Effervescent citrated caffeine (caffeina citrata effervescens) is a granular salt which contains 4 per cent. of citrated caffeine, i. e., 2 per cent. of caffeine, with citric and tartaric acids and sodium bicarbonate to make it effervesce when added to water. Dose, 50 grains (about two teaspoonfuls).
Caffeine sodio-benzoate and caffeine sodio-salicylate are double salts which are soluble in twice their weight of water, and can be used hypodermatically. Dose, 2 grains (0.13 gm.). The salicylate contains about 6 per cent. and the benzoate about 50 per cent. of caffeine. In emergencies, caffeine is employed in two or three times the amounts stated.
Coffee and tea are so much used as beverages that their stimulating and nervous effects are well known to-the laity. These effects are of importance not only in the medicinal use of the drug, but also because of overindulgence in the beverages.
After a fair dose of caffeine the mind becomes more alert, the attention keener, and the spirits brighter; or a state of drowsiness and inattention will be changed to one of wakefulness and brightness and activity. In other words, there is a real stimulation of the intellectual functions, especially those of reason, judgment, will, and self-control, the highest functions of the mind. At the same time the perceptions are more acute, the appreciation of pain is heightened, and, as shown by the esthesiometer, the sense of touch is more discriminating. Kraepelin found that the reception of sensory impulses and the association of ideas are facilitated, but the transmission of thought into action is retarded. This is because of the intervention of judgment. Caffeine also stimulates the motor areas of the brain, as indicated in a dog by the greater motor response to a given electric stimulus of the exposed motor area, and as shown in man by increased activity of voluntary motion. So caffeine is a true stimulant of the intellectual and motor centers of the cerebrum. It is directly antagonistic, in its cerebral effects, to alcohol.
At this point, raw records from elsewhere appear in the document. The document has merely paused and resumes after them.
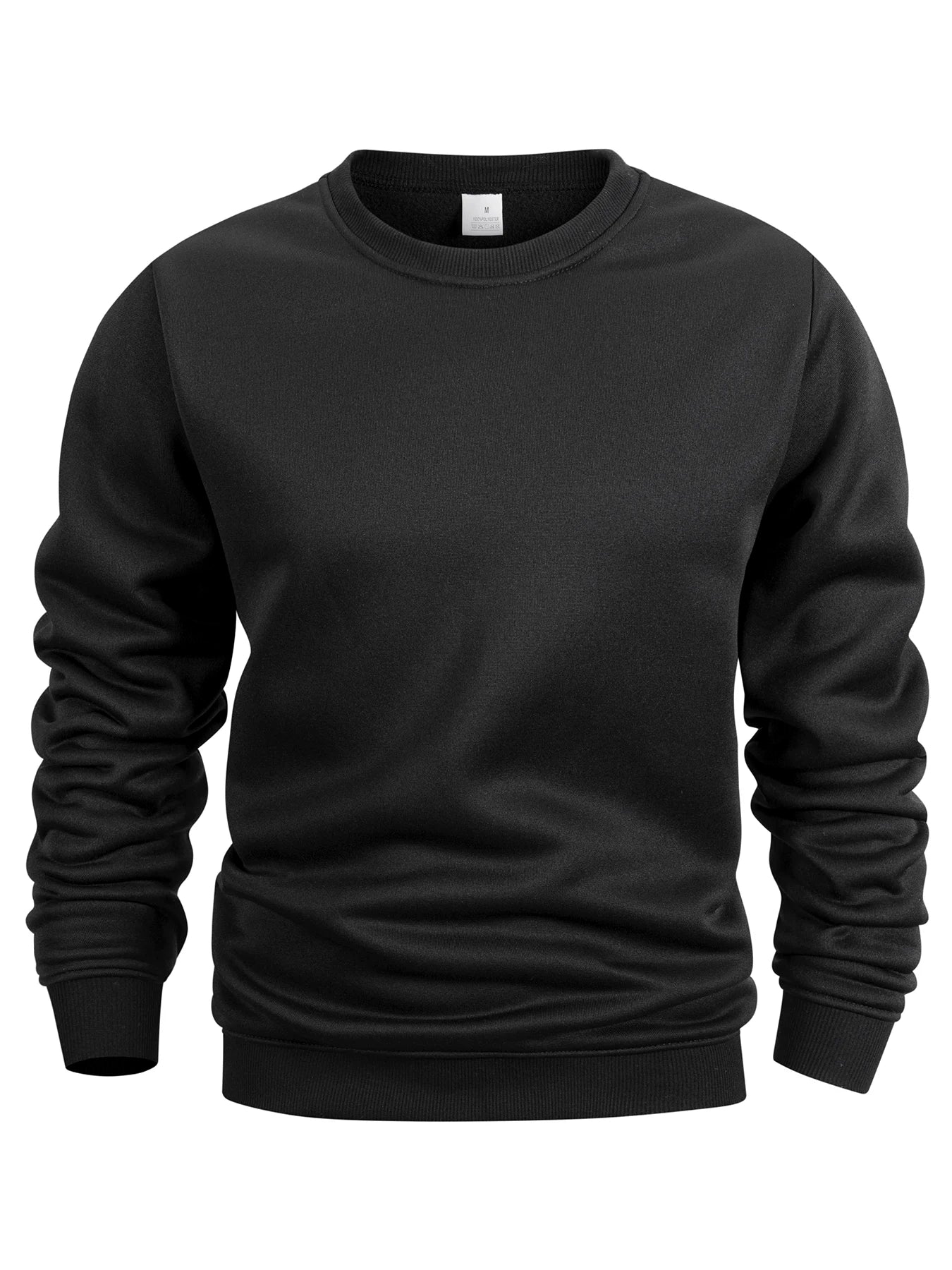 Men's Solid Color Crew Neck Sweatshirt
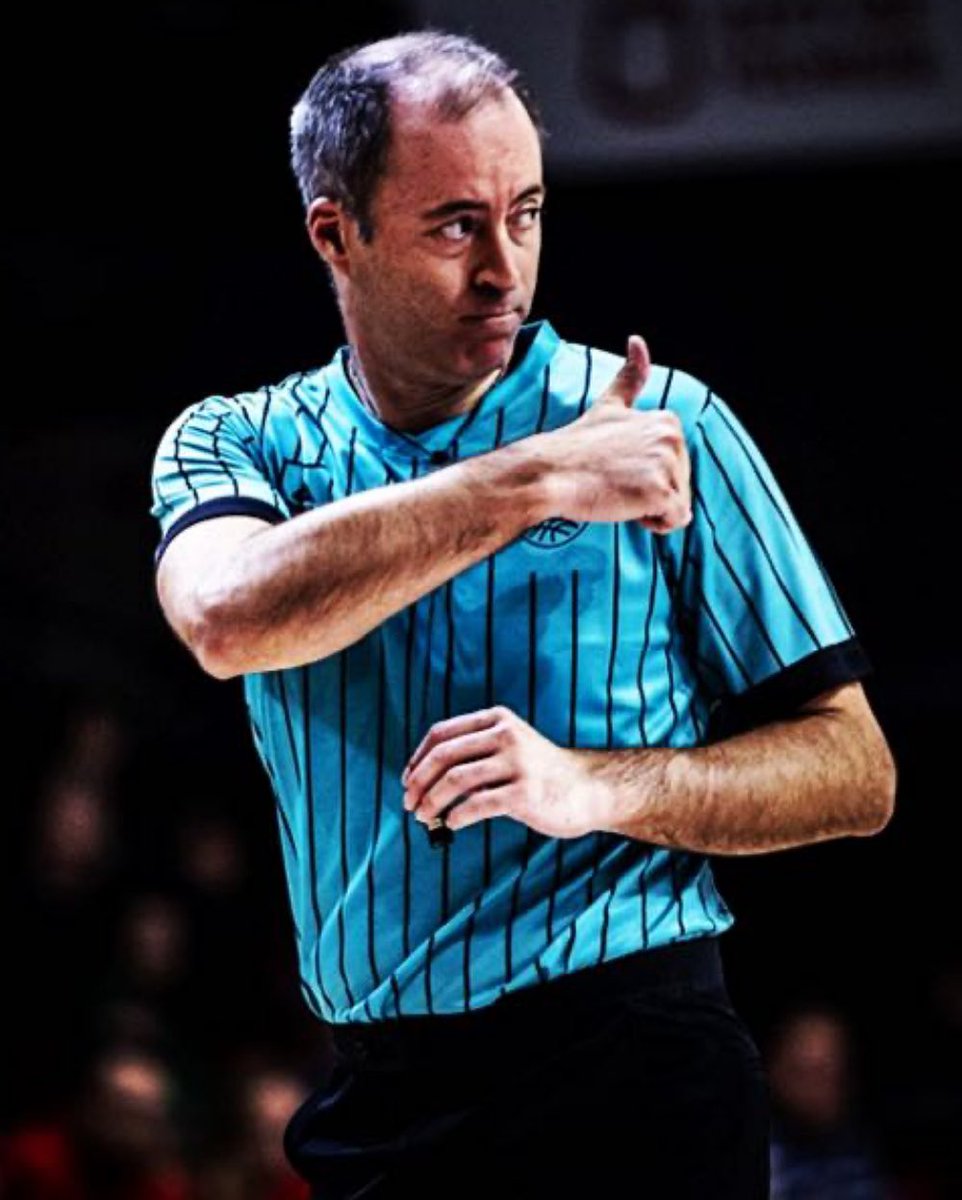 O árbitro português Paulo Marques está nomeado para o EuroBasket pela segunda vez consecutiva 👏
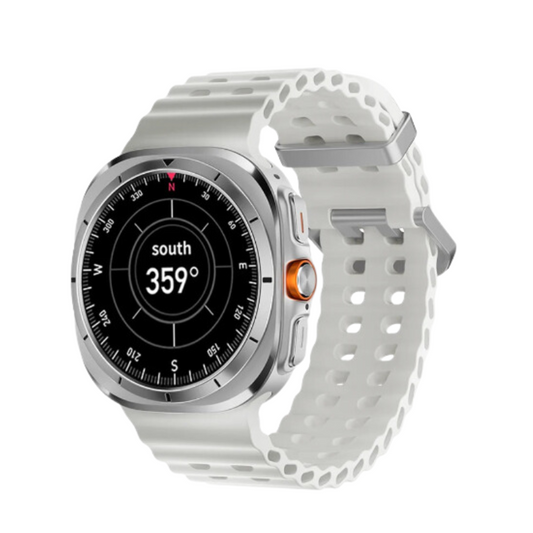 NNEOBA Watch 7 Ultra Smartwatch for Men & Women (Silver)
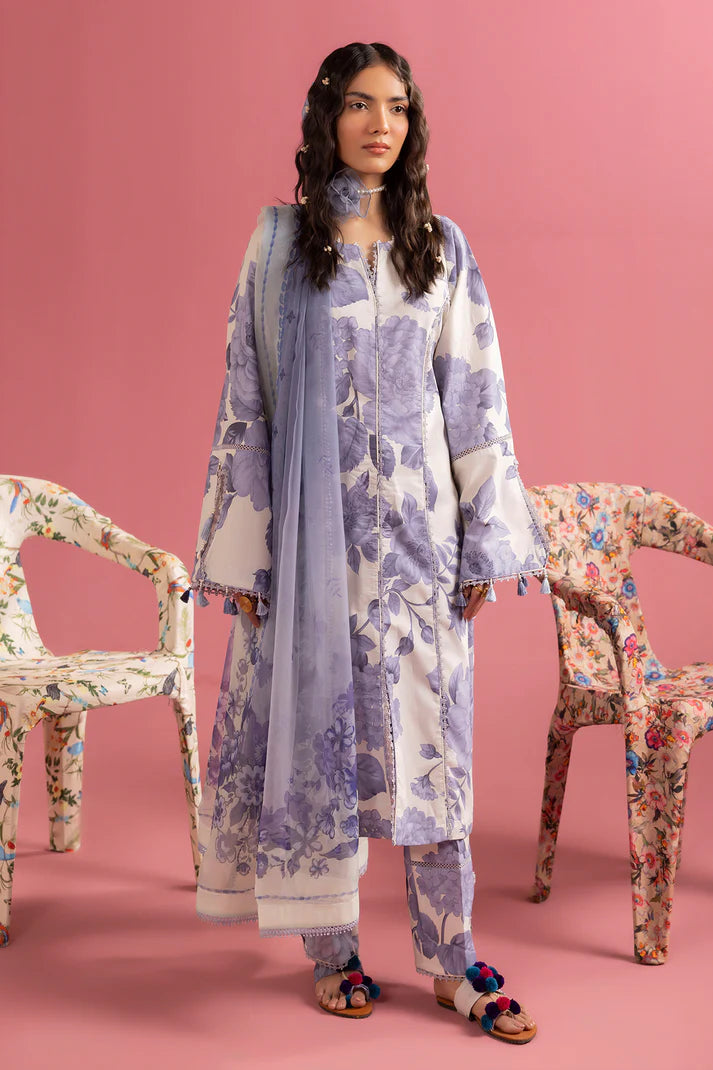 Alizeh | Sheen Lawn Prints 24 | Pearl Mist - Khanumjan  Pakistani Clothes and Designer Dresses in UK, USA 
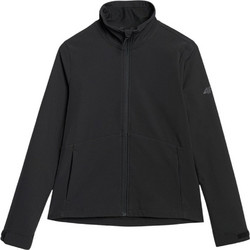 4F Αθλητικό Γυναικείο Μπουφάν Softshell Μακρύ Μαύρο 4FWAW25TSOFF394-20S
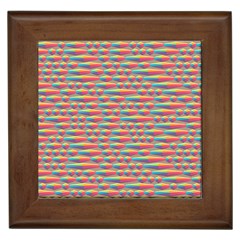Background Abstract Colorful Framed Tiles by Nexatart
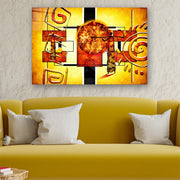 Quadro Decorativo em Vidro Temperado Multicolor 40x60cm - Arte Moderna para Parede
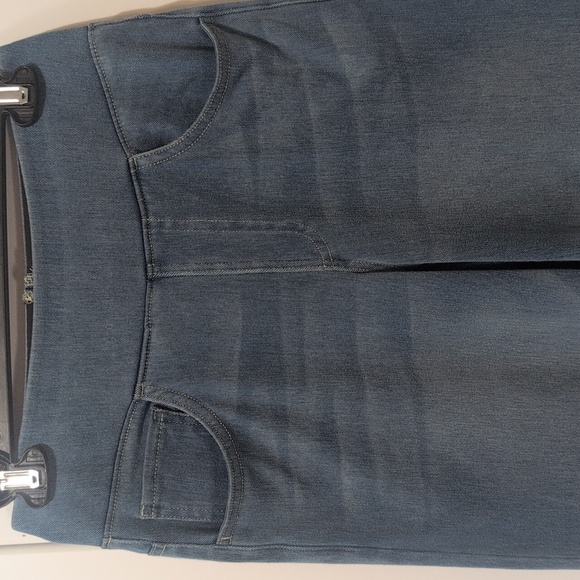 Halara Flex High Waist Wide Leg Washed Stretchy Knit Jeans Size XS Tall NWOT - Picture 3 of 10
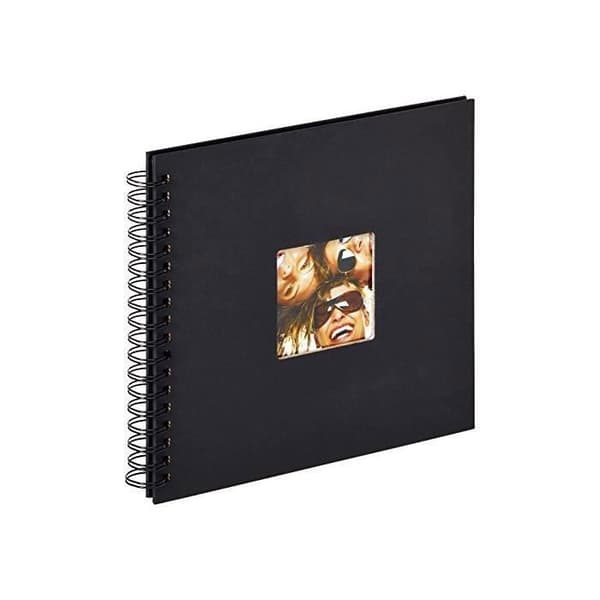 Fotobok - Svart - 26x25cm - 40 sidor - Pappersomslag - Blandat
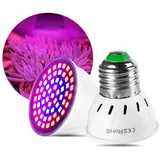Bweele LED Pflanzenlampe Vollspektrum,LED Wachsen Licht Pflanze Glühbirne Lampe Wachstum Gemuesegewaechs Pflanzenlampen Wachstum Tageslicht Pflanzenleuchte für Indoor Blume Pflanzen (E27-48)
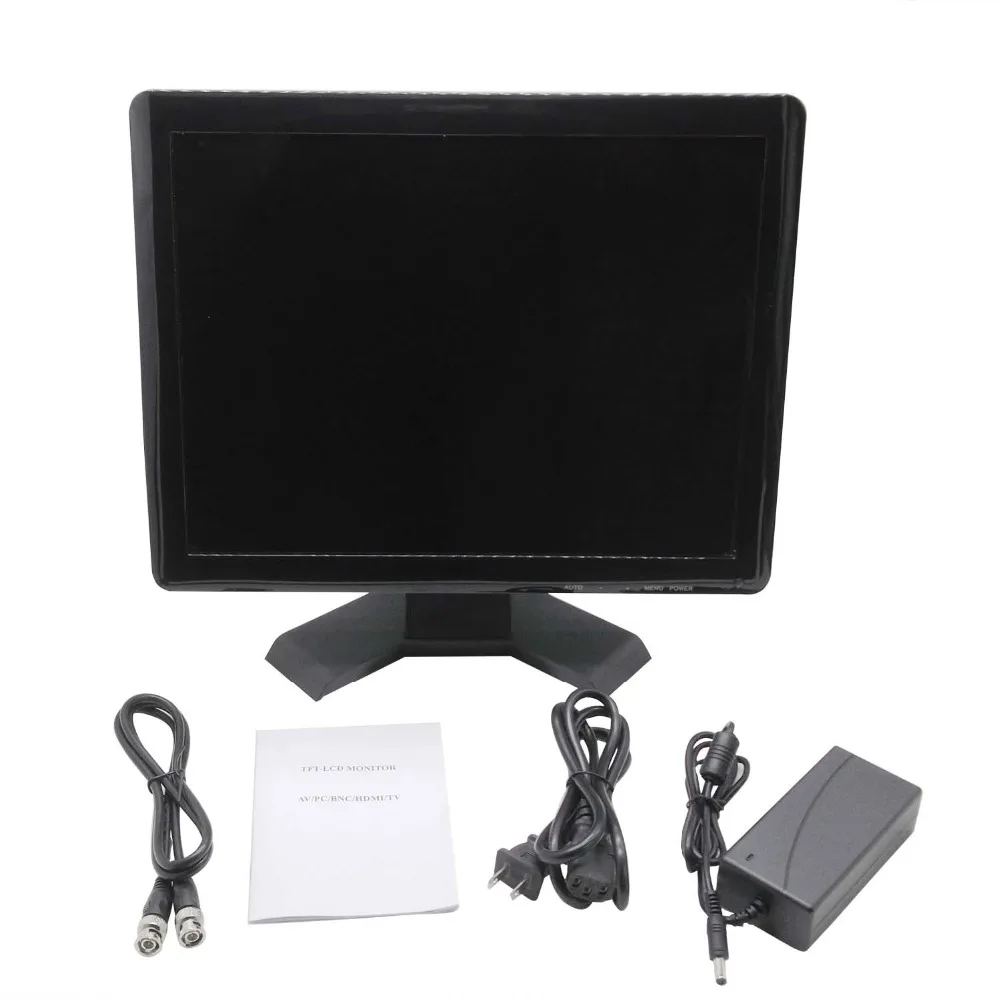 17-дюймовый монитор HD 1280x1024 с Видео Аудио VGA AV USB HDMI TFT ЖК-дисплей для камер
Doses of 8 to 15 grains (0.5 to 1 gm.) given to students produce overexcitability, agitation, and inability to concentrate.
Hollingworth, in his laboratory of psychology at Columbia, experimented on 6 assistants and 16 students for a period of forty days. He used capsules of citrated caffeine, with capsules of sugar of milk as controls. None of the subjects knew which of these was being taken. He made 76,000 measurements and 800 efficiency curves, with and without caffeine. Of the citrated caffeine, which is of 50 per cent. strength, 1 to 4 grains produced slight nervousness, not noticeable until several hours after the dose. There were increased speed and accuracy of movement, beginning in about an hour and lasting about four hours. Six grains produced marked unsteadiness.
In typewriting, small doses increased, and doses above three grains retarded, the speed; but the quality of the work, even with the larger doses, was superior to that of the same subjects on control days. There was no fatigue reaction to the extra work.
In calculations, there was marked increase in ability, the stimulation beginning in about one hour and lasting several hours. The morning following the experiment showed without exception a clear improvement over the work of the morning preceding the experiment.
In sick people, the condition of wakefulness and keener perception brought about by caffeine is usually highly undesirable; and in habitual insomnia one of the first things to look out for is that the patient shall not take tea or coffee toward evening.